To make matters worse, I’m considering two additional patterns I haven’t even printed out yet. (I printed them; see the frenzy above.)
I could blame it on the fact that my Sockapaloooza pal is an experienced sock knitter; sending her a pair of plain-vanilla stockinette socks (even if they are in a yarn which makes knitters drool with envy) seems like I’m saying “I care, but not a whole lot.” It follows from this that ribbed socks say “I care enough to purl, but your socks will look sort of manly.” I blame it all on the Koigu.
I am completely smitten with this yarn. Purchased quite awhile ago and destashed for this special occasion, it meets the Sockapaloooza-worthiness test of “so beautiful to me that I will regret giving it up.” And yet? It’s too variegated. I thought it was understated, but that’s only in comparison to the other Koigu I’ve got stashed away (see masthead, above). I cannot find a pattern that isn’t swallowed by the riot of color in the skein.

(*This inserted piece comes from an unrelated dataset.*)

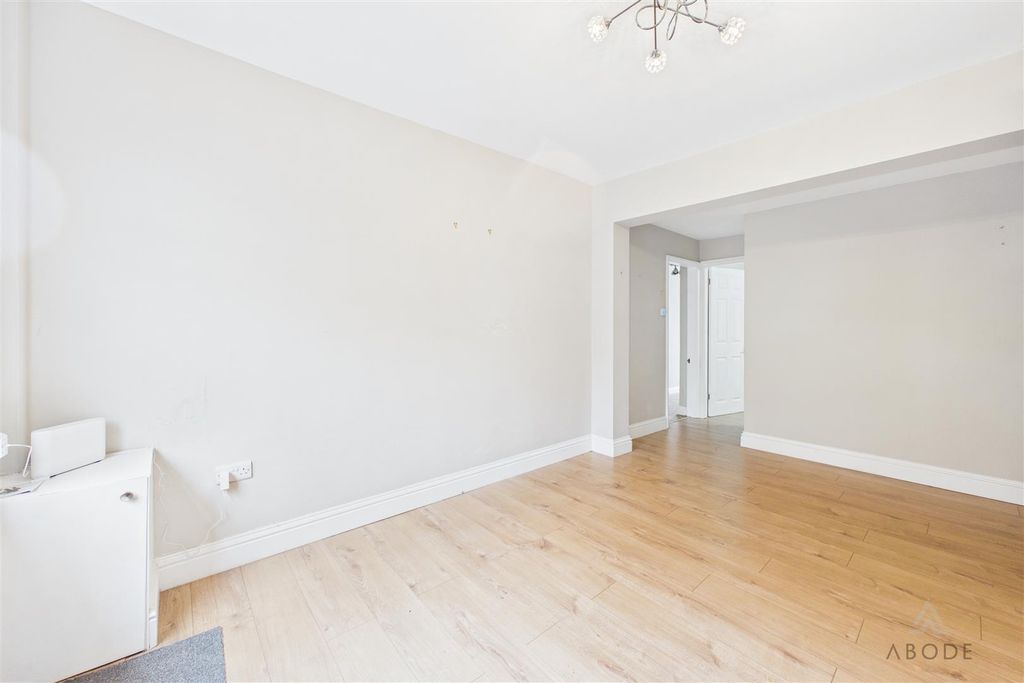 Property photo 3 of 12 Cam02544G0-Pr0384-Still004.Jpg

I also can’t find a pattern that meets my unspoken criteria of showing off my mad knitting skillz without taking forever to knit. I am not one of those “sock a week” knitters – unless it’s stockinette and I work on nothing else. And I feel compelled to uphold the high standards set last swap; I received cashmere lace socks last time around. In an attempt to shake off the sock-starting funk, I set aside the Koigu to begin a pair of Evelyn Clark’s lovely Go With the Flow Socks in Plymouth Sockotta; the results were nice, but I’m not 100 percent sold. Plus, I made lace socks last swap, and don’t want to do the same thing twice. (I know it wouldn’t really be the same, because I have a new sockpal this time around, but humor me). It’s ironic to me that I had no problem using the yarn (hum a few bars of MacArthur Park here: “this Koigu may never be available again“), but I have great angst over how to use it. I think I need to get over my need to show off for my sock pal pick a lane (so to speak), and get down to knitting, or it will be May 1 before I know it.